Słowacy podkreślają, że rura do Polski da im dostęp do terminala LNG i Baltic Pipe, a Eastring powinien stać się podstawą dywersyfikacji dostaw gazu w Europie Południowo-wschodniej. Przy czym Eustream nie wskazał, co miałoby Eastringiem płynąć, zastrzegając, że dostęp do rury, zgodnie z unijną zasadą TPA ma być równy dla wszystkich zainteresowanych. Prezes słowackiego operatora nie wykluczył, że może to być także gaz rosyjski. I podkreślił, że budowę uzasadnia chociażby różnica w cenach między hubami zachodnioeuropejskimi a południowo- wschodnią częścią UE. – Zachodnia cena hubowa plus transport będzie atrakcyjną ofertą w regionie – ocenia Eustream.
Czytaj także Czy budujemy sobie gazowe zombie grids?
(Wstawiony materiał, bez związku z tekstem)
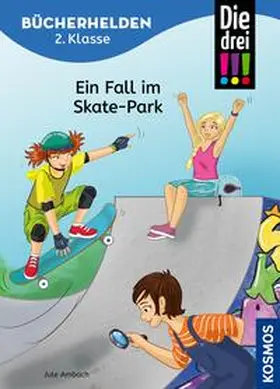 Ambach |  Die drei !!!, Bücherhelden 2. Klasse, Ein Fall im Skate-Park (drei Ausrufezeichen) | eBook | Sack Fachmedien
Na razie słowacki operator i rząd mają odmienną wizję finansowania Eastringu. Władze wskazują raczej na dofinansowanie z UE i środki własne operatorów – swojego oraz węgierskiego FGSZ, rumuńskiego Transgazu i Bulgartransgazu. Z kolei Eustream ocenia, że najkorzystniej byłoby znaleźć odbiorców, którzy podpiszą długoterminowe kontrakty. Tak czy inaczej, Eastring sprawia, że korytarz Północ-Południe, zamiast biec do Krk w Chorwacji, zaczyna nabierać znacznie grubszego kalibru.